Milkshakes weren't on the main menu, but we'd passed an ice cream case and the online reviews had specifically mentioned shakes, so we asked. Yep: chocolate, strawberry, vanilla. Bill had strawberry (again). I had chocolate. They came in tall fountain glasses with whipped cream on top. They were good, but the burgers definitely carried the day.
Bill was giddy from our success, glowing with stories from the road, thinking about the miles completed, really, really happy with the notion of the open road, touring, getting on the bike in one town and stopping someplace entirely different. I added that one of the coolest parts of the adventure is how committed we are. We have no plan B: we will both be pedaling back to Arcata tomorrow. Unlike most riding days, we can't cut it short, or decide we'd rather not, and stay home. And today's tailwind is going to be tomorrow's....yep. Headwind, more likely than not.

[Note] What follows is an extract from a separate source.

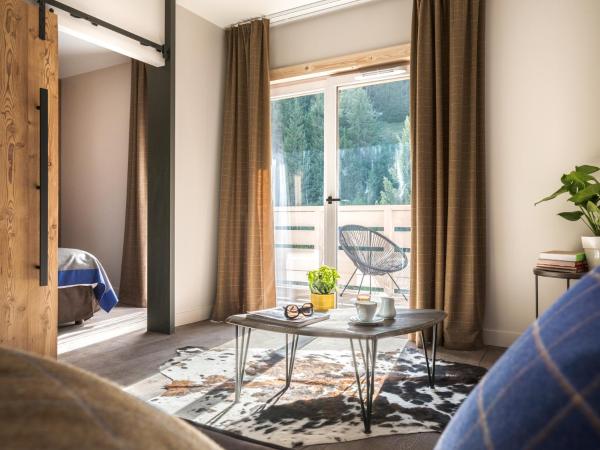 Ecrin Blanc Resort Courchevel - Aquapark : photo 3 de la chambre grande suite supérieure avec accès au parc aquatique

We sent the victorious, through-the-tree picture to David, to let him know we were safe in Willits. He sent this back as a warning that our old dog, Cog, may have learned a few new tricks while we were gone:
We decided that an early start was in order, so we picked up some yogurt on the way home for an early breakfast. Hopefully we could be rolling by 6AM....
Without the normal household distractions, we actually rolled a few minutes early. A few miles in, as we were climbing, Bill motioned me over to the side of the road. It turned out that his rear derailleur cable was disastrously out of tension, which meant that he couldn't shift to any of the larger rear cogs. That explained why he was having trouble with finding a high-cadence gear to match mine! We were able to get that resolved just with the barrel adjuster. Life is better with climbing gears!
It was good to get the climb back to Laytonville out of the way early, before it got too warm. In Laytonville, we stopped for Second Breakfast - a bike-touring staple meal that I was delighted to introduce to Bill. Naturally, our eyes fell on Wheels - a local diner. Although it was mainly NASCAR-themed, there was a bicycle on the wall. The French toast was really, really good!
Overall, traffic on 101 was light. Maybe driving on the 4th of July is like flying on Thanksgiving: only the turkeys aren't already where they want to be.
Laytonville, Leggett - check. We pulled over a bit north of Piercy for fluid replenishment, which meant that we could bypass Garberville. We did take a small detour around Benbow - the State Trooper who'd recommended 101 also mentioned that this was a scenic alternative. We'd not taken it on the way out because it required 2 left turns onto and off of 101, and because the road it bypasses is generally pretty good. But we were in an adventurous mood....it was extremely pretty. There was a bit of gravel in one spot, but it was worth it!
By Garberville, the sun and headwinds were indeed fierce. We ditched off 101 and back onto the Avenue of the Giants at Myers Flat, stopping for a bit of lunch. The selection at the minimart was rapacious: $7.00 for a pretty measly-looking sandwich of unknown origin. We opted to make our own, purchasing an avocado, some hamburger buns, and a half pound of roast beef. MUCH tastier. Bill even found a home for the leftover buns!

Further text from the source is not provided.